A probation officer who has clients from several provincial jails, including from the Elgin-Middlesex Detention Centre, says until the public expresses concern about conditions inside jails, no change will come to the system.

“The average taxpayer doesn’t really care. We need a taxpayer (base) that cares,” says the officer, who doesn’t want her named used. She says due to the change in government she feels her job may be in jeopardy if she comes forward. We have agreed to call her Lynda.

She says the attitude most people take is that inmates are criminals and they deserve what they get.

“The sad part is criminal behavior is more normal than abnormal. Inmates need to be re-habilitated.”

While Lynda says EMDC – which has had 13 deaths in the last decade - is the current “mascot of what is wrong in correctional institutions,” she says all of the provincial jails have problems.

“You pick any institution and it has the same issues.
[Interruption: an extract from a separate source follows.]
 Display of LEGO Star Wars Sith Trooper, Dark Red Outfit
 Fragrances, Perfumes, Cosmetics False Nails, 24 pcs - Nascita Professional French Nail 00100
It’s systemic.”

But she says, the blame for the number of deaths at EMDC lies with the province.

“The severity at EMDC, it has to rest with the government.”

Lynda firmly believes that the majority of inmates can be integrated into society and thrive, but they need the right support.

“I have 70 plus offenders, all of whom I have an excellent relationship with.”

She says more affordable housing and mental health services are necessary.

For many of her clients, Lynda takes steps to try and get them psychiatric help. “I spend more time in the mental health ward of the hospital.”

She says many times when her clients are released from hospital, they are given a prescription for 30 days and sent home.

“There’s no follow-up. A (former inmate) can be completely delusional – seeing spaceships – and they are released as long as there is a belief they won’t harm themselves or somebody else.”

Lynda says everybody that works with inmates on the inside and outside have the same goal and that is their rehabilitation.

The problem is at corrections facilities, there is no correcting going on, she says. “These guys are just doing dead time.”

Lynda says when they are released, they have no place to live and their mental health issues may be worse.

Then the cycle repeats itself.

The December 2018 Institutional Violence in Ontario report, led by Howard Sapers, the former federal corrections ombudsman, acknowledged that traumas inside the system contribute to crime cycles.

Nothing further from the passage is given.